=== Section Start ===
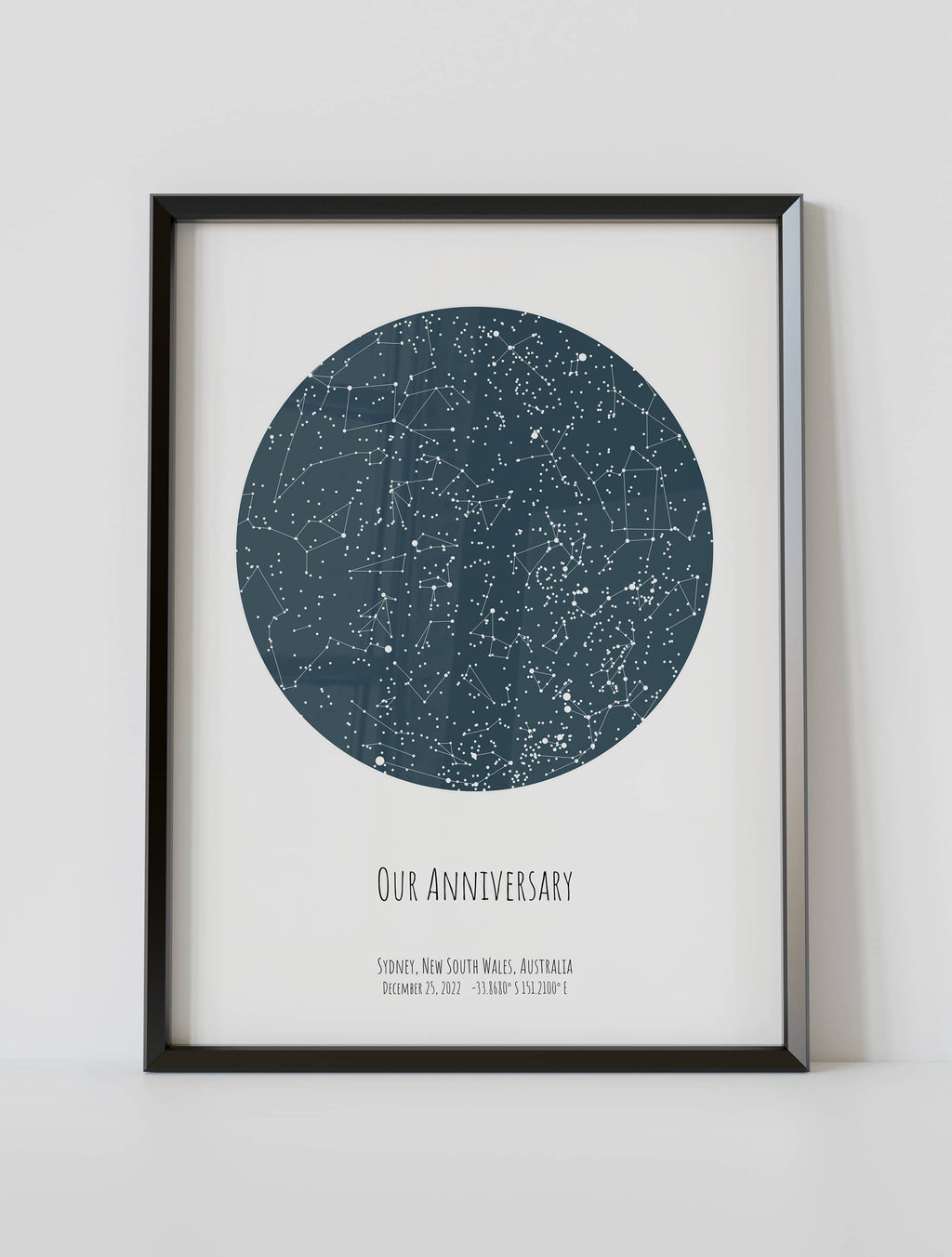 A framed star map poster featuring a specific date and location, customized with the quote "Our anniversary "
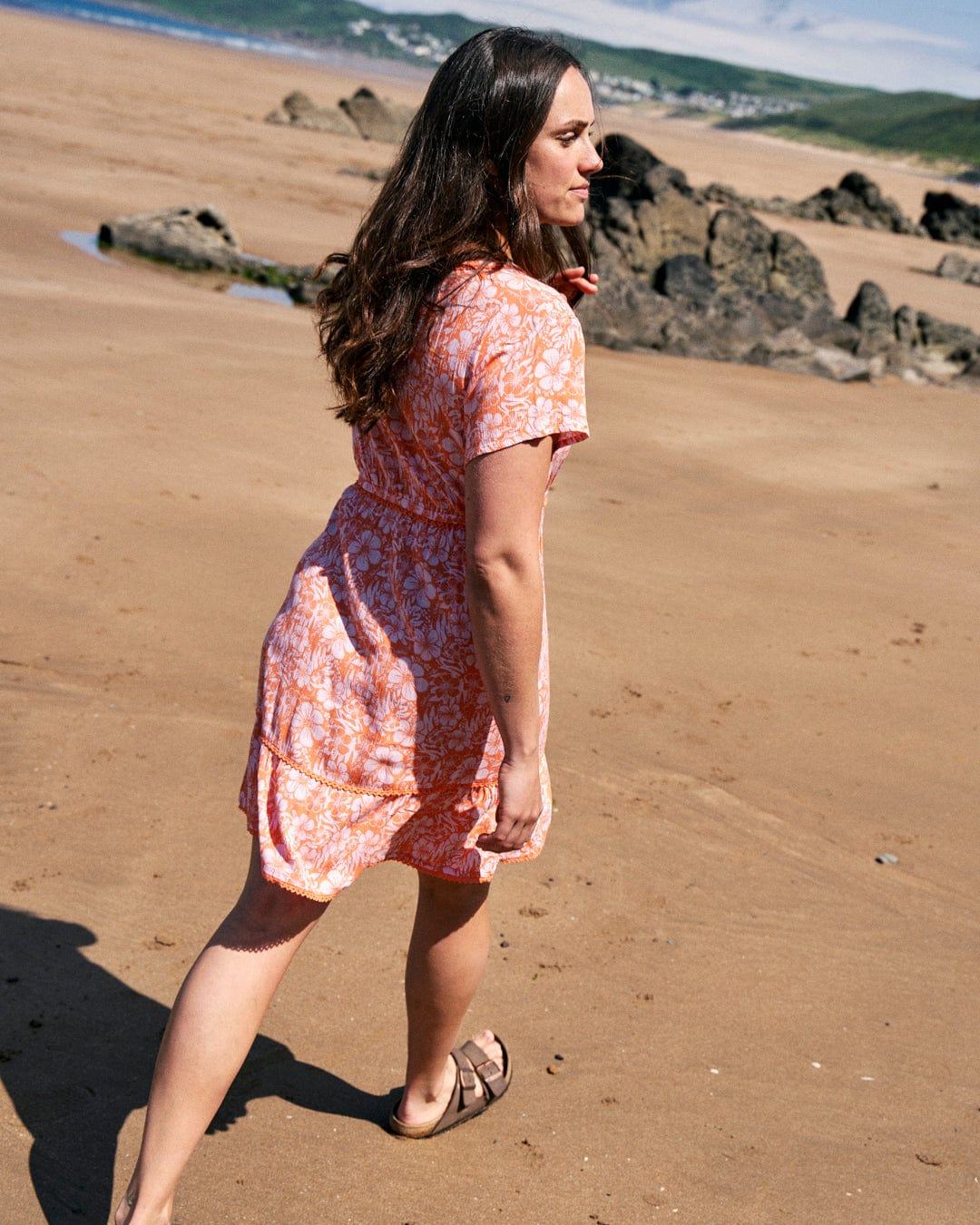 A woman in a Marla Hibiscus - Womens Dress - Orange by Saltrock walks barefoot on a sandy beach. Rocks and distant greenery are visible in the background.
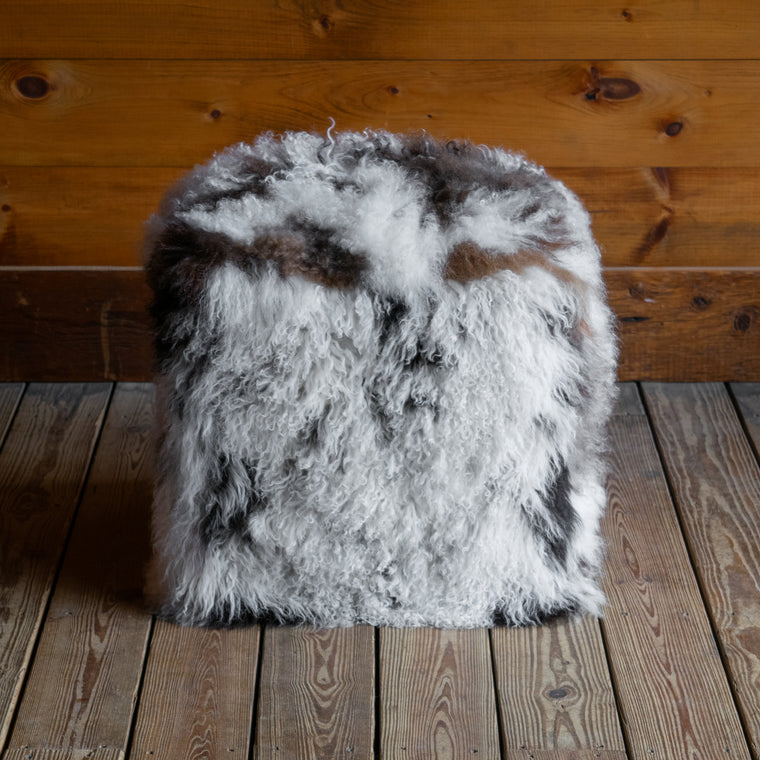 Two Multi-Color Spotted Curly Sheepskin Cube Ottomans, Side by Side 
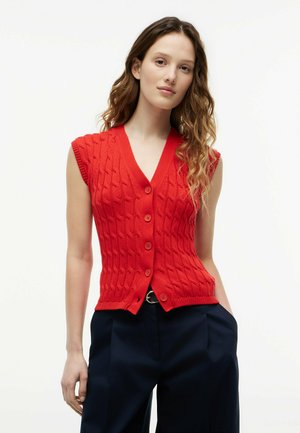Giovane donna con capelli mossi che indossa un gilet rosso lavorato a maglia senza maniche con bottoni e pantaloni scuri a vita alta, in piedi con una mano in tasca.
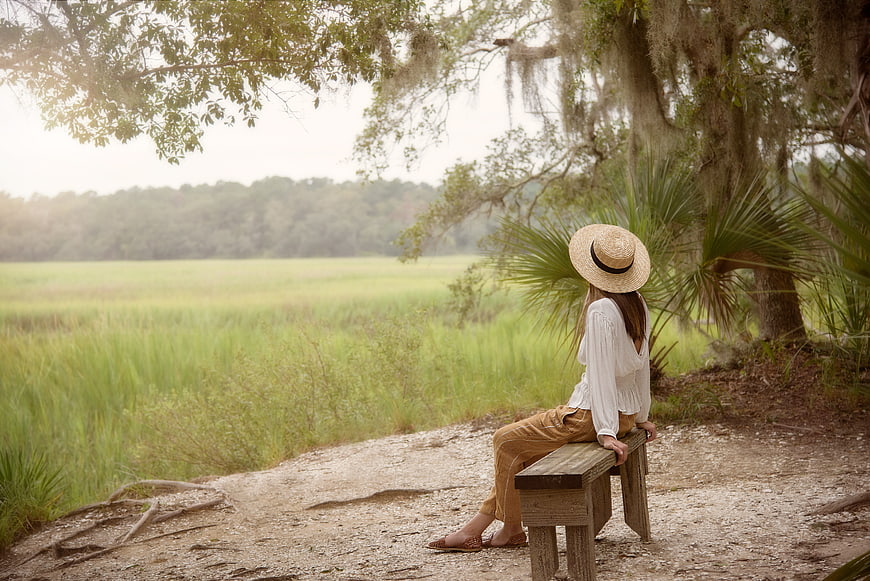 Woman in Straw Hat Sitting on Bench in Nature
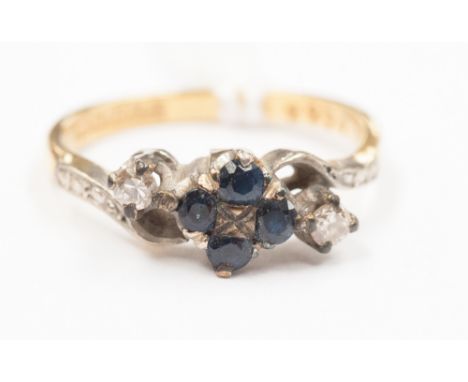 A diamond and sapphire cluster ring on 18ct band 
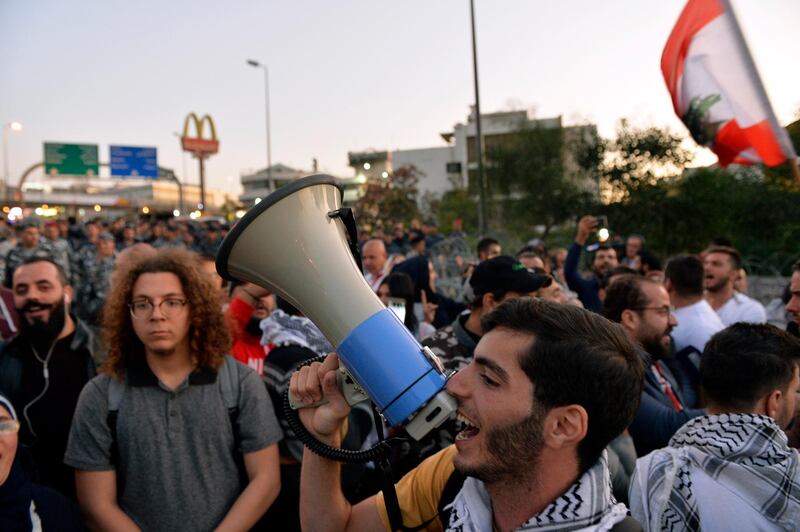 Protesters shout slogans as they block the highway leading to the Presidential palace during a protest to demand the formation of a new government in Baabda, east Beirut.  EPA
=== Section End ===
◆ AIM OF THE EXERCISE:
Set down all entries above again, exactly, without images.

◆ OUTPUT OF THE TASK:
 A framed star map poster featuring a specific date and location, customized with the quote "Our anniversary "
 A woman in a Marla Hibiscus - Womens Dress - Orange by Saltrock walks barefoot on a sandy beach. Rocks and distant greenery are visible in the background.
 Two Multi-Color Spotted Curly Sheepskin Cube Ottomans, Side by Side 
Giovane donna con capelli mossi che indossa un gilet rosso lavorato a maglia senza maniche con bottoni e pantaloni scuri a vita alta, in piedi con una mano in tasca.
 Woman in Straw Hat Sitting on Bench in Nature
 A diamond and sapphire cluster ring on 18ct band 
 Protesters shout slogans as they block the highway leading to the Presidential palace during a protest to demand the formation of a new government in Baabda, east Beirut.  EPA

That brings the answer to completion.